The Guantánamo Lawyers by Mark P. Denbeaux & Jonathan Hafetz (eds), New York: NYU Press, 2009.
The Guantánamo Lawyers is a collection of stories from more than one hundred lawyers who have been involved in some way in representing the detainees held by the United States at Guantánamo Bay Naval base and elsewhere since the terrorist attacks of September 11, 2001.
The lawyers’ accounts are arranged to form an approximate chronological narrative of the Guantánamo litigation, although the chronology is interrupted to a degree in some of the chapters that deal with matters such as torture, rendition, and the cases of detainees held outside Guantánamo. Short introductory explanations by the editors appear throughout, and provide some context and continuity to the lawyers’ stories.
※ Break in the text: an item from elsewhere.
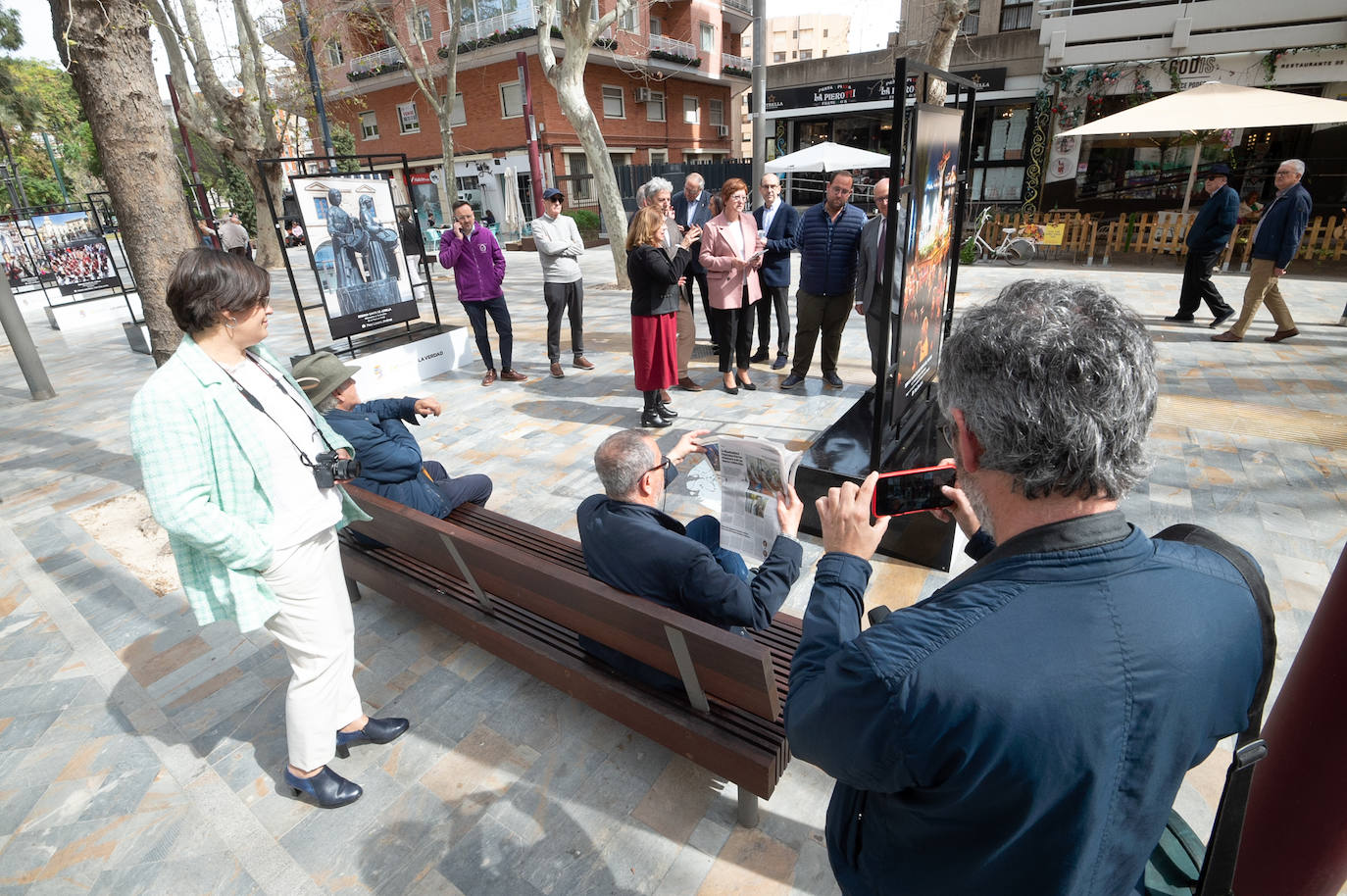 Jumilla y San Pedro retratan su pasión cofrade en pleno corazón de Murcia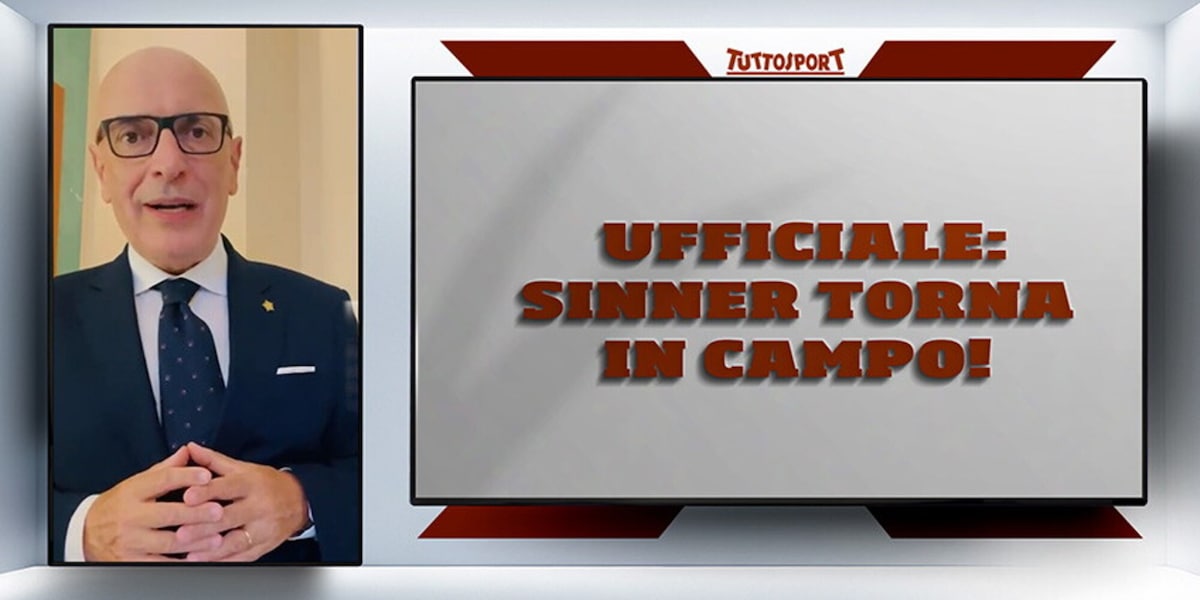 Vai, Sinner! Ufficiale: torna all’Atp 500 di Pechino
The book begins with the establishment of Guantánamo as a detention facility after 9/11, and the decision of certain lawyers to get involved from an early stage in arguing for the habeas corpus rights of Guantánamo detainees, then termed “the worst of the worst”. In 2002, lawyers willing to represent terrorist suspects were few and far between. Among the initial few were Thomas Wilner of Shearman & Sterling and Michael Ratner of the Center for Constitutional rights; Joe Margulies, Clive Stafford Smith and Eric Freedman, all lawyers with expertise in death penalty litigation, also joined the cause from the outset.
These pioneers were later joined by many others, particularly after the Supreme Court’s 2004 decisions concerning the war on terrorism. The general picture that emerges about the motivations of the lawyers is that they did it out of a strong belief in the rule of law and due process, as well as a desire to restore the United States’ adherence to its own ideals. Many of the stories emphasize that the decision to act for the detainees was a form of patriotism as well — a salient point in light of the recent (and widely discredited) attack on the integrity of current Department of Justice lawyers who had previously worked on Guantánamo litigation.